I have missed my mom more in the last few weeks than I have in years. Oh, I miss her. There are times I lament over the fact that I never really knew her. I didn't know her favorite color, or even her eye color for that matter. I have very few pictures of her. I miss that my children have never had a grandmother that picked them up from school, stayed with them when they were sick, took them out and bought them an ice cream. I was 9 when Mom died and I missed a lot of mothering but my kids have never had a doting grandmother.
I question God, why couldn't things be different? Sorrow truly overwhelms me right now. I am desperately sad. But even in this sadness, I know...surely...I know...God has bigger things in store for what is causing me to miss my mom. I can hardly handle the situation. God has and is stripping away many things not of Him. I don't like WHO I am and how I behave because of this situation. It's like everything has turned me upside down and inside out.
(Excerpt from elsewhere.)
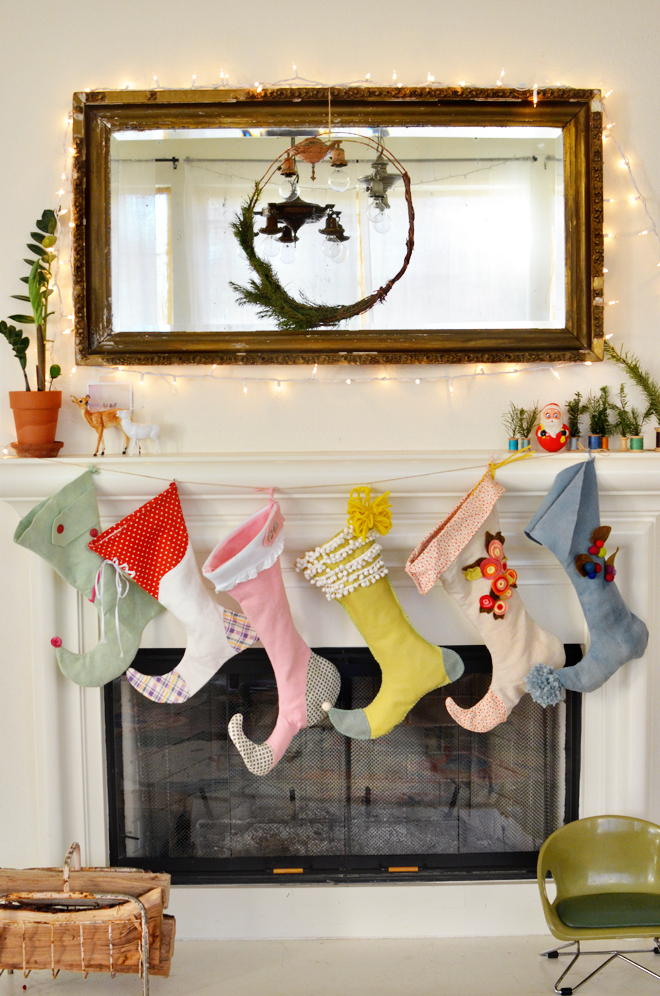 colorful DIY elf Christmas stockings on mantel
I am the type I avoid whatever the situation is causing me so much inner chaos. This particular situation I do not speak of unless I have to. I am filled with such despair over it that I will not even put it out publicly what is going on. It's not a bad thing. To some it's wonderful. To me...I am horrified of the great change coming. And yes, it is coming. To some it's so silly how I am reacting. I know that I am not allowing Jesus to live in and through me.
I miss my mom. Why couldn't my mom and dad have a long married life together? Why couldn't we be celebrating their 40th anniversary this year instead of the 31st anniversary of her death? Why?
I am stronger than this because I have true Strength inside of me. I know I am letting my feelings and emotions overwhelm me. I know I am not fixing my eyes on Jesus but on the circumstance. I know all of that. But right now, I just WANT to mourn and miss my mom and what could have been.